Supply chains can be improved by ensuring that the companies selling the end product are held accountable for abuses and violations of basic workers’ rights all along the supply chain. Top-tier firms should be made to ensure that all facilities within their supply chains maintain the same standards as those set for primary facilities. In this regard, it is worth nothing that many of the companies at the top of the chain and who benefit most (in value terms) actually hold monopoly status over the end product, so identifying them and holding them accountable should not be difficult.
Kevin Hyland
Kevin Hyland is the UK’s first independent anti-slavery commissioner.

First of all, global supply chain governance cannot have a global one size fits all solution. Governance programmes need to be tailored to the particular risks of different countries and regions, sectors and business partners.
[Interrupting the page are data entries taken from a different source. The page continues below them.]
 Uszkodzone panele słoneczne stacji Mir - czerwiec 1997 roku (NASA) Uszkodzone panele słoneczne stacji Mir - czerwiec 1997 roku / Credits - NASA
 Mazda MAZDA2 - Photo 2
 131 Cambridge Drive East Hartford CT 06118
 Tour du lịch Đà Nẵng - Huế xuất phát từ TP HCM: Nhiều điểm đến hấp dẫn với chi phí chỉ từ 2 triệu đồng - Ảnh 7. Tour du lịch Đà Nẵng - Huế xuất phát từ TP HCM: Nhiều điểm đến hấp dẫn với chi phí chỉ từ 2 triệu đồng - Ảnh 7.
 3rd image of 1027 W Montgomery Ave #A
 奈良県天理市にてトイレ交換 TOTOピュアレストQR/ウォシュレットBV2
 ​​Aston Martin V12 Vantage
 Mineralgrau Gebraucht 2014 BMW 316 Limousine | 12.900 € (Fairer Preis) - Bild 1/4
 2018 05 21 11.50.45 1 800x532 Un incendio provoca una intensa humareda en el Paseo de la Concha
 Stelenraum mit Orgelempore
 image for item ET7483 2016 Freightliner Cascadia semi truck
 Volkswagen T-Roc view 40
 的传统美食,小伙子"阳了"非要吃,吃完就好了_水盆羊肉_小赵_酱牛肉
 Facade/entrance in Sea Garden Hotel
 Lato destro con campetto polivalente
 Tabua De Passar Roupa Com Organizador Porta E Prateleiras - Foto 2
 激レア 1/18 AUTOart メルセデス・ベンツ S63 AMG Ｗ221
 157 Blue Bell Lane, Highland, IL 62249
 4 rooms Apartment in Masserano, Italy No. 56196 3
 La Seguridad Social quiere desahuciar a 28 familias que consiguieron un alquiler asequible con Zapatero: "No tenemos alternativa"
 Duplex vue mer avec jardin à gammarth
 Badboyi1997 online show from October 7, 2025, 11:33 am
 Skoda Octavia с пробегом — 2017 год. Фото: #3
Just as with other forms of trafficking and slavery, vulnerabilities to forced labour arise out of a number of different factors, from precarious immigration status to the socio-political, economic and geographical particularities of a region. The reason that Bangladesh, Haiti and Cambodia, for example, are growing factory hubs is not related to an abundance of natural resources. Rather, it is related to the fact that these countries are coming out of civil wars and are home to an impoverished labour force. In regions with low levels of stability and scarce job opportunities, workers end up having to take whatever job they can in order to survive. This limited choice makes these workers vulnerable to insecure and exploitative work conditions, including forced labour. Slave drivers are often then ready to exploit that vulnerability situation for profit.
Sudhir Katiyar
Sudhir Katiyar is project director at Prayas Centre for Labour Research and Action (India), a partner of the International Labor Rights Forum.

Labour standards need to be monitored right along the length of the supply chain, not just with the immediate supplier. There is also currently no global uniformity on labour standards. Each country has its own standards, and often the standards are set at very low levels, as is the case with India. Global supply chains should strive to develop a minimum standard that should be applicable universally.
Tola Moeun
Tola Moeunis head of Central, the Center for Alliance of Labor and Human Rights, Cambodia

Firstly, through increased transparency. Brands need to disclose their supply lists, factories, parent companies, everything, and they need to be clear in their business agreements with their suppliers. Second, the brands need to apply their codes of conduct seriously in terms of the right to freedom of association and collective bargaining. Short-term contracts, if we look at the ILO guidelines, should only be used for two kinds of work: substitutional and seasonal work. So brands need to commit themselves to eliminating the use of these contracts. And brands need to respond effectively to any form of discrimination against union rights. There should be consistent communication between consumers and workers.
Sarah Labowitz

Sarah Labowitz Sarah Labowitz is a research scholar on business and human rights at NYU Stern School of Business.
There is a need for a common approach to governance of company supply chains that applies throughout each industry. This means the development and implementation of clear industry standards that apply to large multinational companies, as well as the suppliers that comprise their supply chains. The evaluation of accountability to such standards should come from an independent entity, and not be based on each comny’s self-assessment alone.